John Slattery, president and CEO of Embraer Commercial Aviation, told the media that the E2 has the quietest cabin of any in-production single-aisle aircraft. To press the point, a demonstration flight took the international group of press and television on a flight over the English Channel.
Using an App on a Samsung 9 mobile phone, this writer cruised the cabin from the rear to the cockpit measuring the decibel level. The average was 68-70db. Sitting next to the engine at cruising altitude, the db was around 74. The cockpit was a conversational 62db.
Conversation in the cabin often spiked the db meter beyond the engine noise.
Having flown a similar flight two years ago on what was then known as the Bombardier CS100, the elapsed time makes it impossible to have a good recall of that flight, other than it, too was very quiet. But no noise meter was available then.
It’s clear that the E2 is far quieter than the Airbus A320ceo and Boeing 737NG. This writer hasn’t flown on either the A320neo or the 737 MAX.
The Airbus A350 and A380 widebodies seem equally quiet, though no noise meter was available on these flights.
Embraer also released its updated 20-year forecast for the sub-100 seat and 100-150 seat sectors.
De Souza forecast 4,660 aircraft in the sub-100 sector will be needed over the next 20 years. The E175, Mitsubishi MRJ, Bombardier CRJ 700/900 and the Sukhoi SSJ compete in this sector.
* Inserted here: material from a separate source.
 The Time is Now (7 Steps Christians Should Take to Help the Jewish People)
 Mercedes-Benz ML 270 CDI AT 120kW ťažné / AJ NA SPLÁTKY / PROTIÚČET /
The 100-150 seat sector has a demand of 5,890 aircraft, de Souza said. The competing aircraft are the E190/195, A220, A319 and Boeing 737-7. This compares with Bombardier’s year-old forecast of about 7,000. Airbus, having acquired a majority stake in the C Series program, said at the time the deal was announced last fall, the forecast in this sector was about 6,000.
Boeing and Embraer announced this month a memorandum of understanding for a joint venture in which Boeing will own 80% of the company and Embraer owns 20%.
De Souza said the E2 three-member family “perfectly compliments” Boeing’s 7-Series family, slotting in under the 737-7 MAX.
The largest E2, the E195, seats 144 in high density and about 122 in dual class. The 737-7 seats 138 in typical dual-class configuration.